> _TASK TO COMPLETE_
What you should give back is a precise copy of the lines below from the one containing "Scène de la" through the one containing "Boys climbing down", with no pictures.
===== SOURCE RECORDS =====
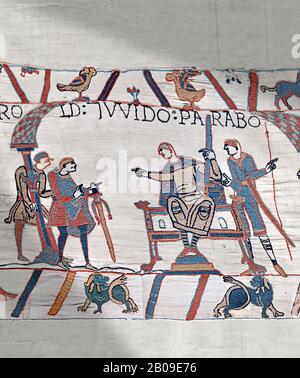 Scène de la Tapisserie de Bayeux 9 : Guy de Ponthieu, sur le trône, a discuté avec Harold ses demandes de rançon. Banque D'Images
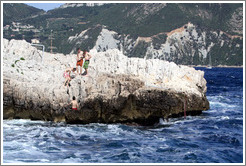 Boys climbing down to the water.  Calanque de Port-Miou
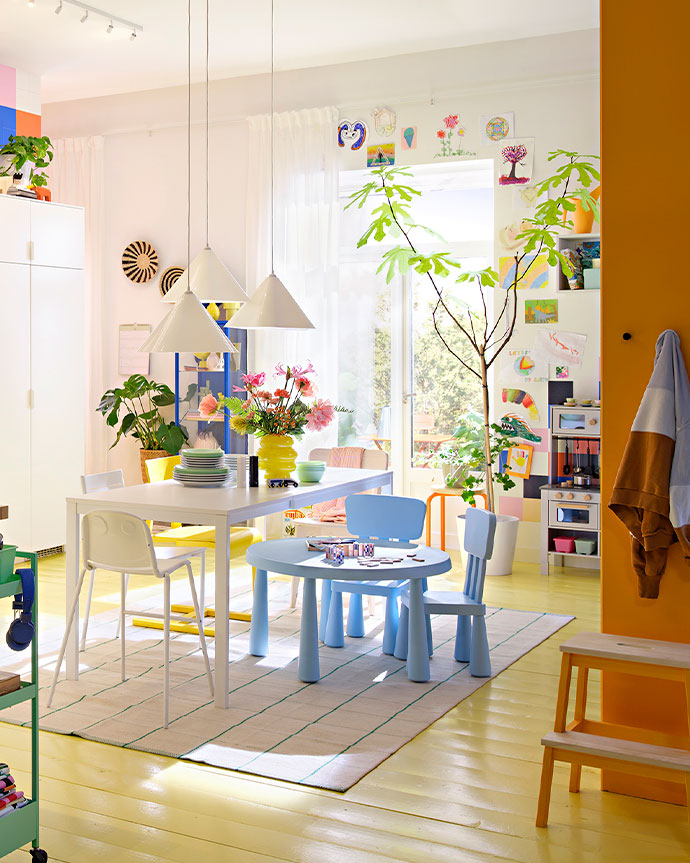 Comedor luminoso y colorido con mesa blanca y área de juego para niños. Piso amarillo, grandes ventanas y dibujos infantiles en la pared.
=====
===== SOURCE RECORDS =====
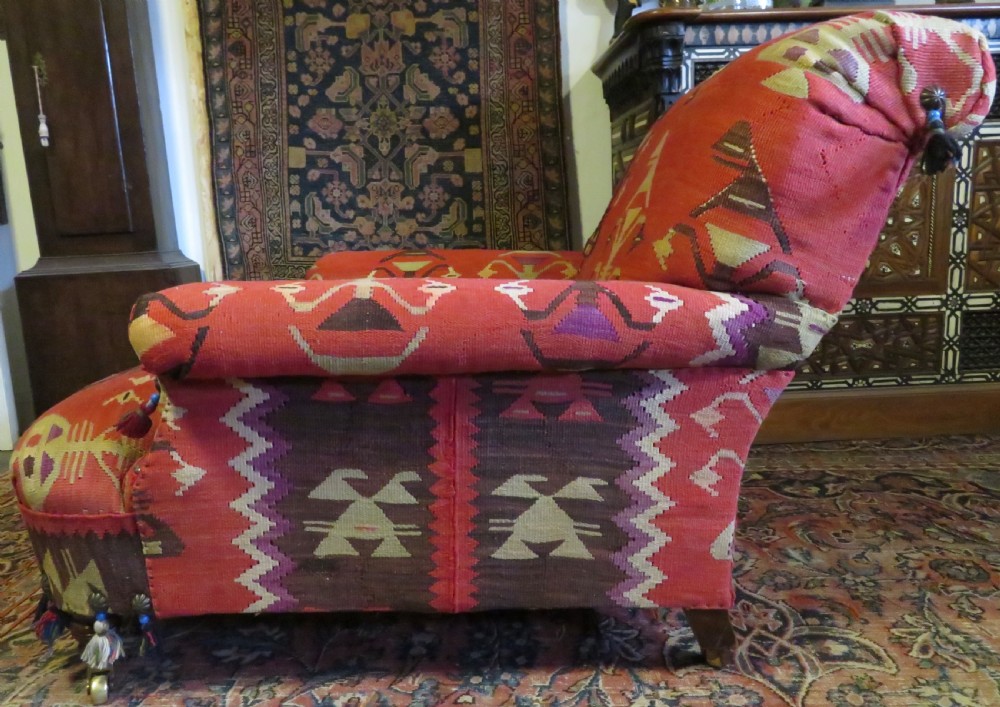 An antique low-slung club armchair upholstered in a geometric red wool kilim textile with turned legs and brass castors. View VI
=====
===== SOURCE RECORDS =====
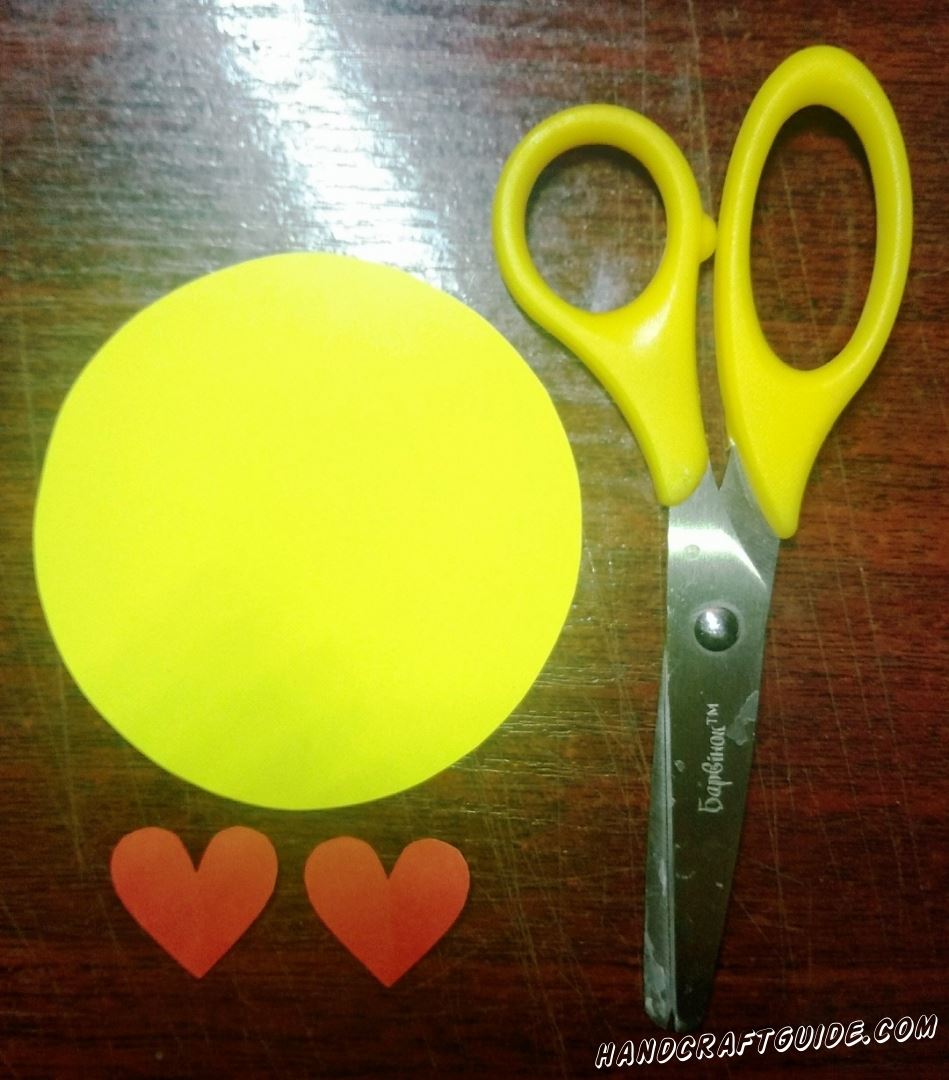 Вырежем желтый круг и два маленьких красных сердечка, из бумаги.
=====
> _RESULT OF THIS TASK_
 Scène de la Tapisserie de Bayeux 9 : Guy de Ponthieu, sur le trône, a discuté avec Harold ses demandes de rançon. Banque D'Images
 Boys climbing down to the water.  Calanque de Port-Miou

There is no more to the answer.